This is an article from the fall 2017 issue of LSA Magazine. Read more stories from the magazine.
It is the summer of 2017 and Rebecca Blumenstein, a deputy managing editor of the New York Times, is wondering what is going to happen next. “Everything is changing,” she says, ”from trade policy to taxes to healthcare to social safety nets to relationships with almost every country in the world. Companies’ relationships with the government are changing, and the very notion of whether GM should even have plants in Mexico is being challenged. Retail is falling apart because Amazon is so successful. It’s just a giant story and I feel, like many others, supercharged by it.
“And if you’re a political reporter now,” she adds, “it’s just an endurance test. Rarely has one seen such an intense news cycle last for so long. We are following bigger stories than we’ve seen in many, many years.”
Blumenstein speaks from experience. After four years at the Michigan Daily, including one in which she was editor-in-chief, Blumenstein began her career as a political reporter covering county government at the Tampa Tribune. An economics major in the Residential College, she moved on to Gannett Newspapers and Newsday before joining the Detroit bureau of the Wall Street Journal to cover General Motors. She stayed with the Journal for more than 20 years, covering technology and telecommunications before becoming the paper’s China Bureau Chief. She continued to climb the ranks until she became the Journal’s deputy editor-in-chief, a position she held until this year when she joined the New York Times.

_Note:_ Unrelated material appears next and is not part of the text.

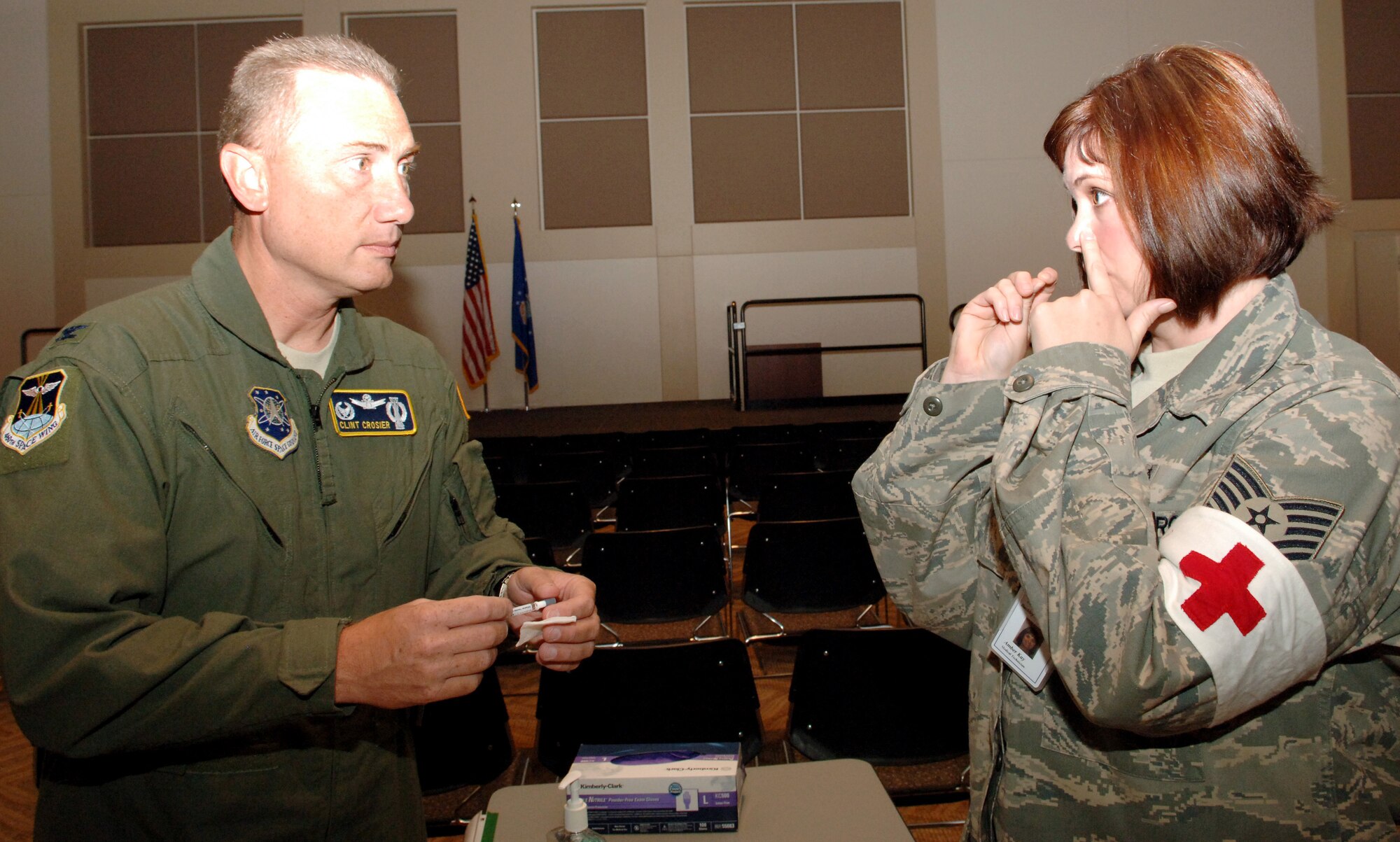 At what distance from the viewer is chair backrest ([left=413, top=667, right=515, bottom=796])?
7.38 ft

To manage the steady onslaught of news, consumers are increasingly returning to an old reliable guide: the front page of the daily paper. Digital or physical, the front page curates and organizes the superabundance of stories, and they’re stories people want to read. In the first quarter of 2017, the Times added 300,000 new subscribers. The Columbia Journalism Review and the Wall Street Journal have seen upticks in their paid support, too. “It crystallizes our job,” Blumenstein says, “simply do journalism that’s good enough that you’re willing to pay for it.”